--- TASK DIRECTIONS ---
Transcribe exactly, and only, the lines running from the one with "455886-B21 - Uncategorised" to the end of the entries below, both included, without any pictures.

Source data
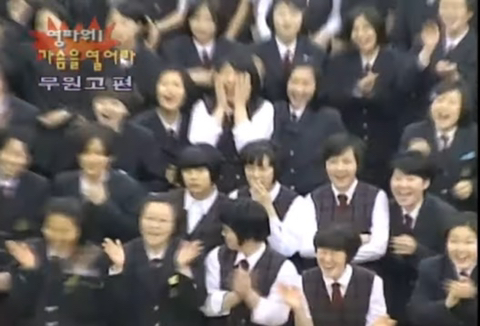 638002999ede1b9a112443e2650769ebddf1f7fd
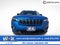 2023 Jeep Cherokee Altitude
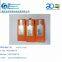 MAN27/38 MAN2738 MAN L27/38  L’Orange Injection nozzles  VUM-938A IMO1859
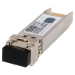 455886-B21 - Uncategorised Products, Network Transceiver Modules -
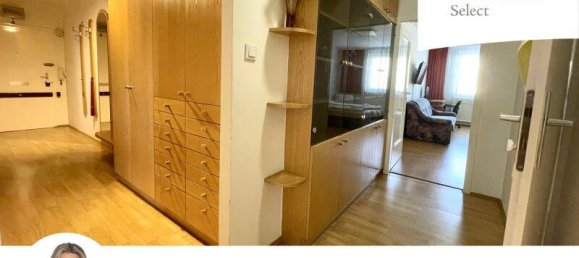 4-salle Appartement à Meidling, Austria No. 165915 9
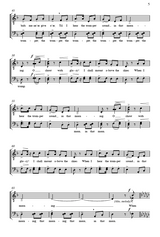 The Morning Trumpet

--- SOLUTION FOR THIS TASK ---
 455886-B21 - Uncategorised Products, Network Transceiver Modules -
 4-salle Appartement à Meidling, Austria No. 165915 9
 The Morning Trumpet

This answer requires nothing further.